--- START ---
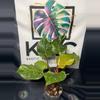 plant/Philodendron White Knight Galaxy-1-thumbnail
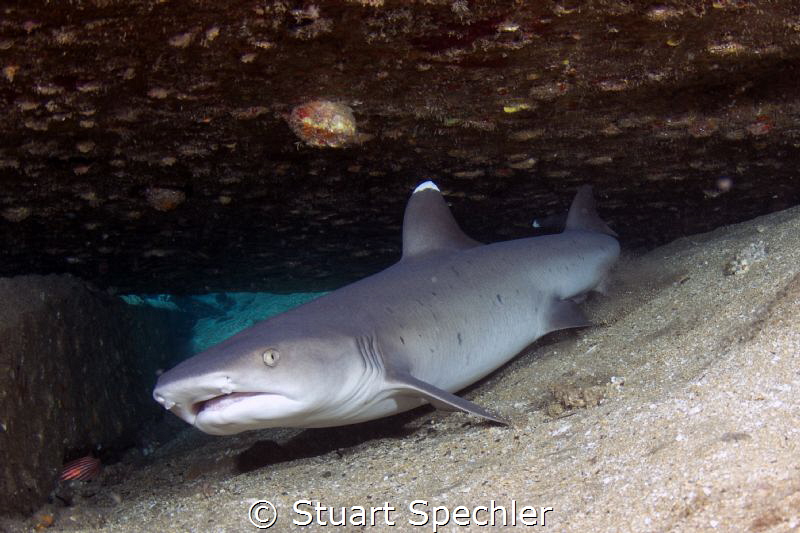 Get out!  Reclusive white tip reef shark, less than thril... by Stuart Spechler 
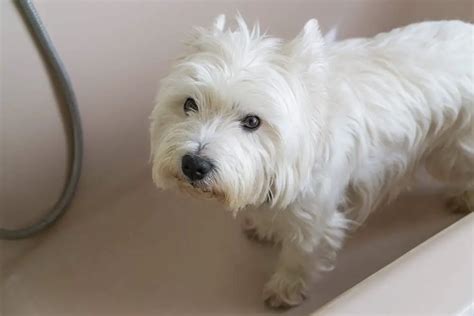 How Often Should I Bathe My Westie Tips And Products To Use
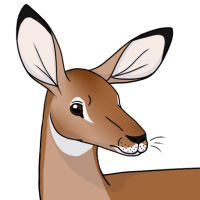 Thumbnail for ANI-4548: Rachel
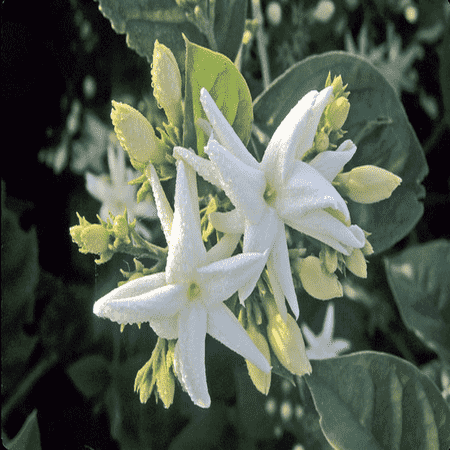 White Lotus Attar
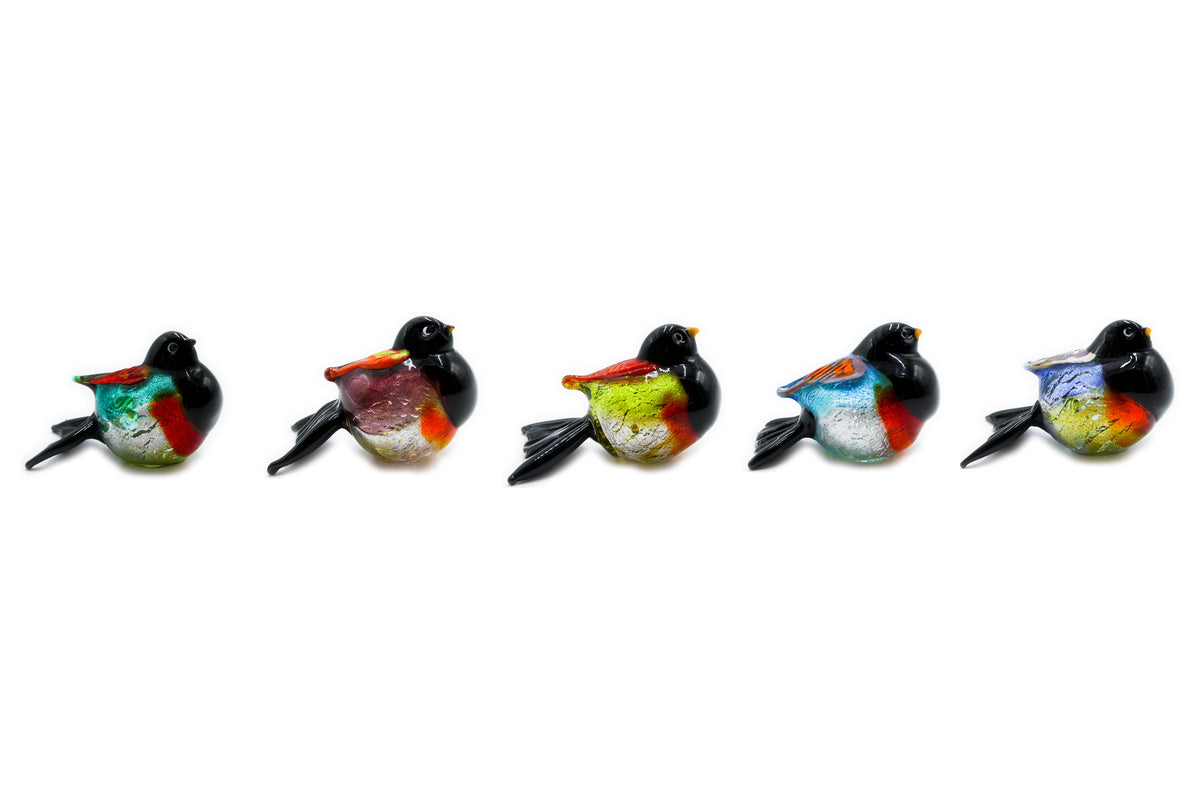 Uccelli colorati piccoli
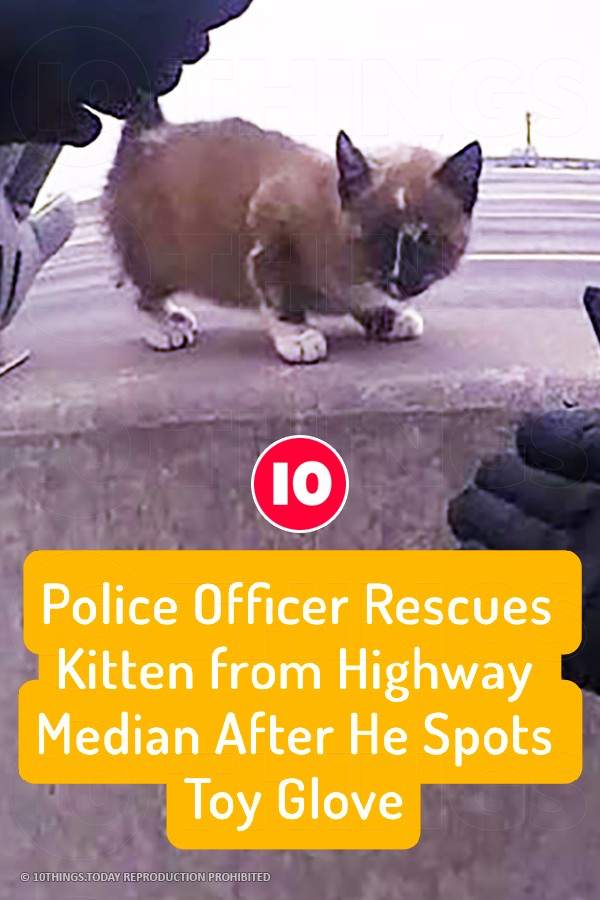 Police Officer Rescues Kitten from Highway Median After He Spots Toy Glove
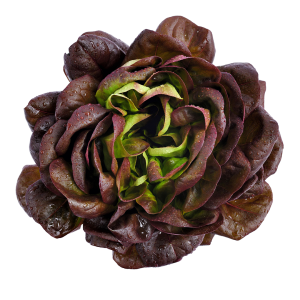 חסה חמאה אדום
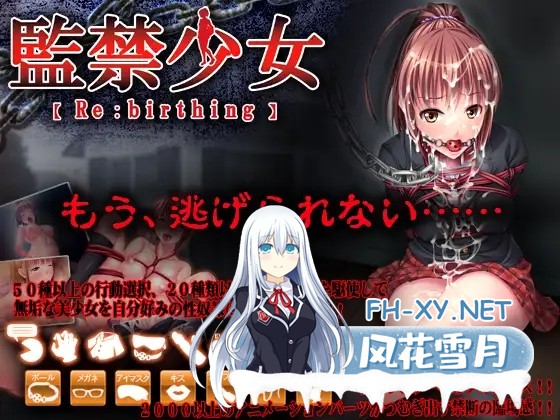 [SLG/2D] 监禁少女:Re birthing +攻略 [2.8G]-3.jpg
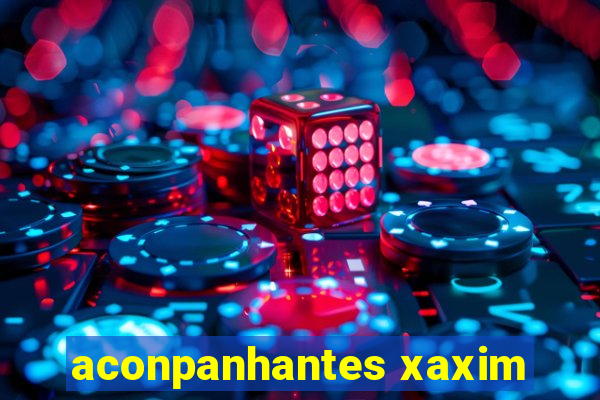 aconpanhantes xaxim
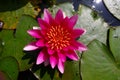 A close up of a water lily Royalty Free Stock Photo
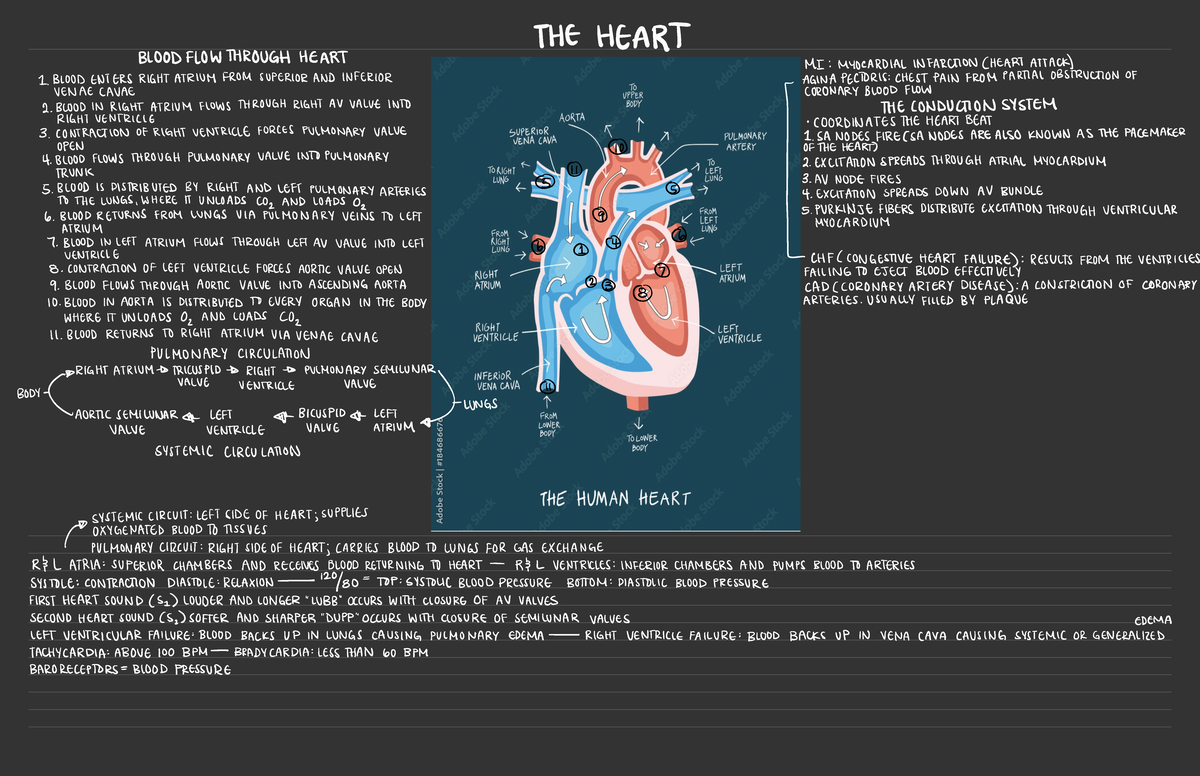 Anatomy 1 & 2 Notes - Quick and Easy to understand diagram of the heart ...
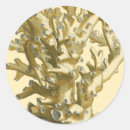 Recherche de algues autocollants Vie marine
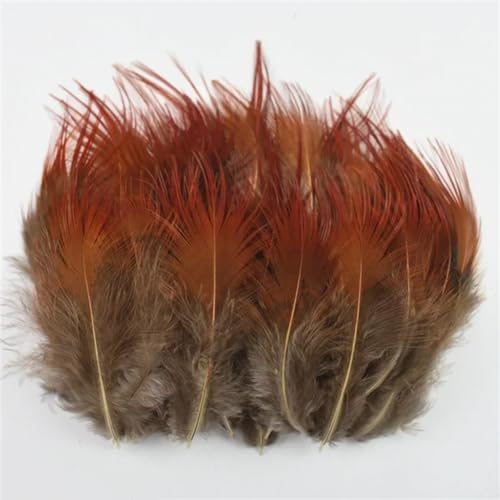 HKSDKABOP Handwerksdekoration mit Federn, Verschiedene Naturfedern for Basteln, Mehrfarbig, 3–18 cm, Packung(Size 3-7cm13,20 Piece) von HKSDKABOP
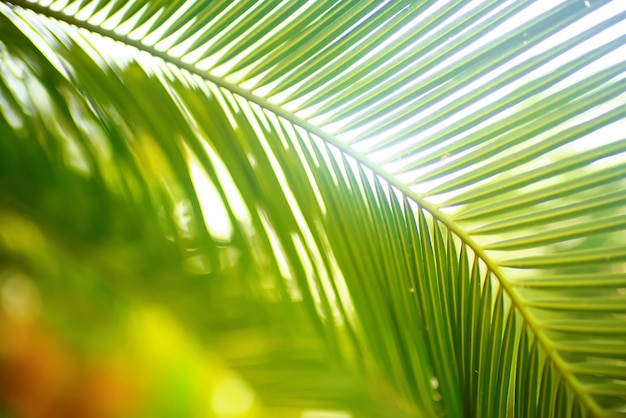 Photo fern leaves in the tropics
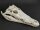 Skull from Nile crocodile - length 29 cm Nr. 2126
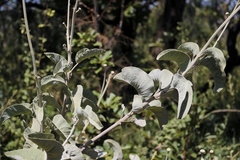 Chresta sphaerocephala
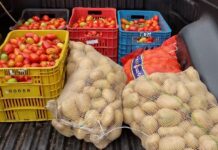 Cerealista Jardim destina cebolas, batatas e tomates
--- END ---
**YOUR TASK**
Every line above between the one containing "Anatomy 1 &" and the one containing "HKSDKABOP Handwerksdekoration mit", those two included, is to be printed exactly. No pictures go into the copy.

**RESPONSE BOX**
 Anatomy 1 & 2 Notes - Quick and Easy to understand diagram of the heart ...
 Recherche de algues autocollants Vie marine
 HKSDKABOP Handwerksdekoration mit Federn, Verschiedene Naturfedern for Basteln, Mehrfarbig, 3–18 cm, Packung(Size 3-7cm13,20 Piece) von HKSDKABOP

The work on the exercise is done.